We must not see enemies among those who seek only to help marginalized human beings. The Sheriff has nothing to fear from Freedom for Immigrants.
It is us who should fear a system that punishes acts of kindness.
- Catherine Bae, Ph.D., immigrant, citizen and visitor volunteer
We are shocked and dismayed by Sheriff Livingston’s decision to strip us of our rights in this way. Our group gave our time and effort not because we are paid but because we seek to do what is right. We believe that everyone deserves dignity because we are all human beings, and that with any privilege we have comes a responsibility to work towards dignity for all.
We are also members of an organization that places value on the very notion of community. We understand that the people being held behind bars, like us, have families, coworkers, and friends. The impact of ongoing confinement spreads beyond each individual to devastate whole families and neighborhoods, and we seek to help others in the same way that we would expect for ourselves in our times of need.
We also understand that a healthy community, like a vibrant democracy, is one in which its people are informed of what is happening in their own neighborhoods, especially among vulnerable groups. So we do what we do, acting transparently and in cooperation with the WCDF staff and the facility’s rules and regulations to the best of our knowledge.
Every action that we have taken in WCDF, every communication has been in the plain sight of the jail staff.

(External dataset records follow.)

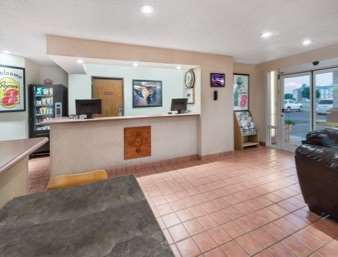 Super 8 by Wyndham Roswell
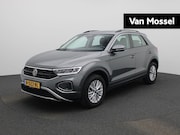 Volkswagen T-Roc - 1.5 TSI Life Business 150 PK| Parkeersensoren | Apple Carpla
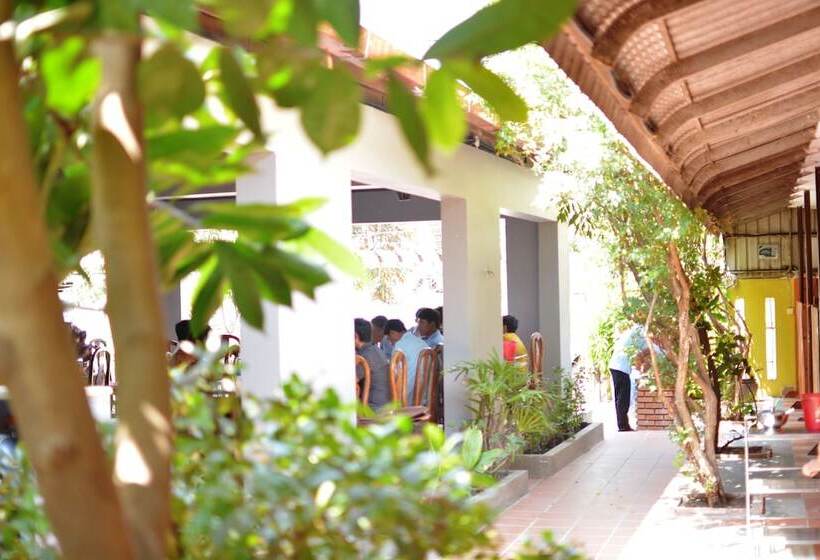 فندق Neakru Guesthouse And Restaurant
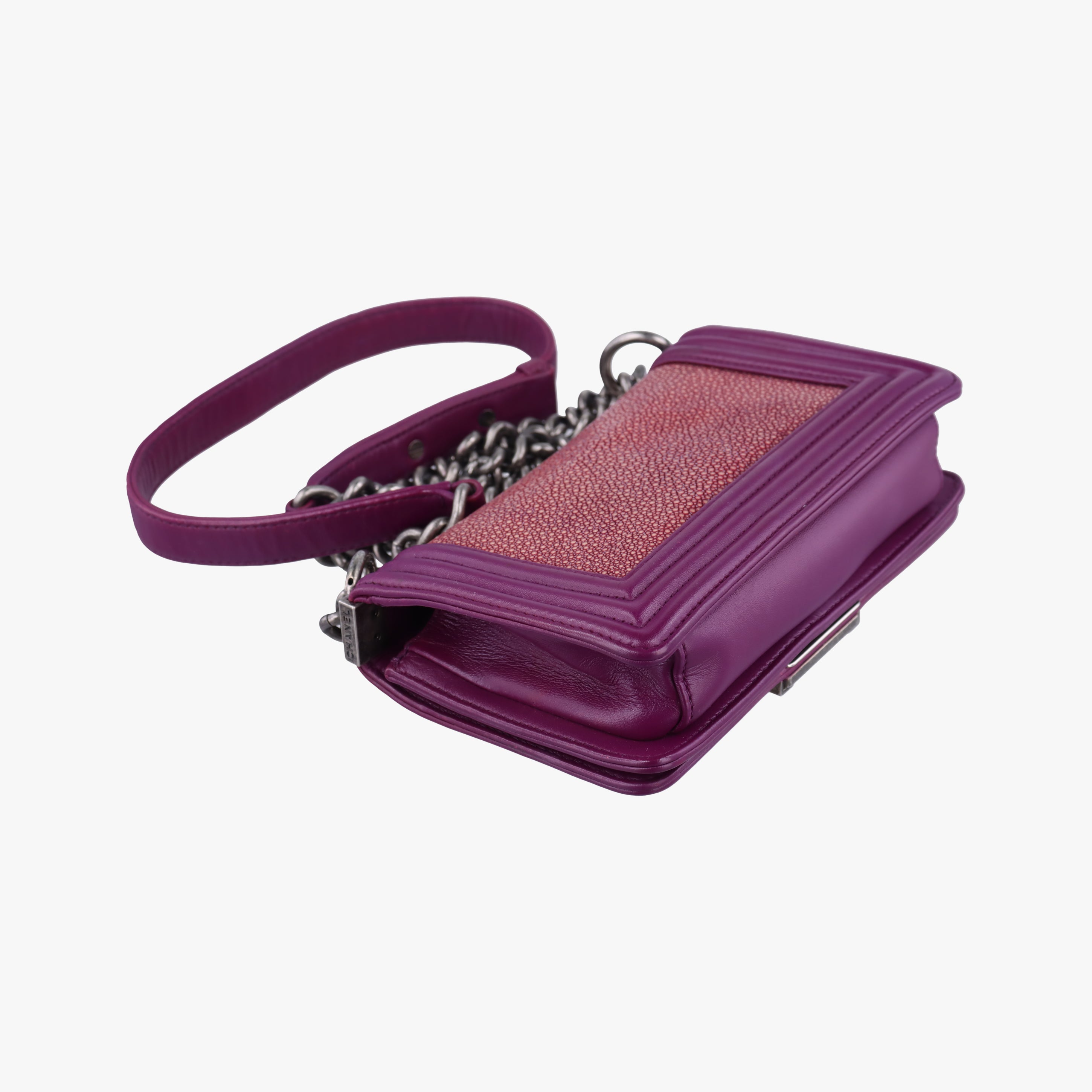 BOY CHANEL Rose×Red Galuchat Stingray ×lambskin A67137 16681273ボーイシャネル ローズ レッド×レッド ガルーシャ スティングレイ×ラムスキン A67137 16681273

For these reasons, we urge the Sheriff to restore our rights and to listen to his East Bay community, rather than to sway with the prevailing winds of the present administration.
- Ann Smock, a retired professor of French literature at UC Berkeley and visitor volunteer
I would like to draw the public’s attention to something I have learned by visiting the jail and that is the terrifying degree of isolation and powerlessness into which undocumented people are abruptly plunged when they are incarcerated.
We are glad that California is a sanctuary state. Yet we must recognize the fact that hundreds of our neighbors here in the Bay Area are nonetheless being torn from society, stripped of their autonomy. It is not much of an exaggeration to say that they are being disappeared. Or to compare their lot with that of other people in the not-very-distant past who have been rounded up and held in camps.
We must all be aware of this and refuse to let round-ups and imprisonment of undocumented immigrants continue here.
- William Smock, a Berkeley filmmaker, writer and visitor volunteer
For the past few months my wife and I have been visiting West County Detention Facility. It’s our mild-mannered way of resisting Donald Trump’s callous immigration policies.
Our fight is not with Sheriff Livingston. Our argument is with jail as a warehouse for immigrants. These people are spending two or more years in the Richmond jail as their cases for visas or asylum crawl through immigration courts. Couldn’t they live with their families until they are either admitted or deported? We don’t want to butt heads with Sheriff Livingston, or navigate the labyrinth of prison access.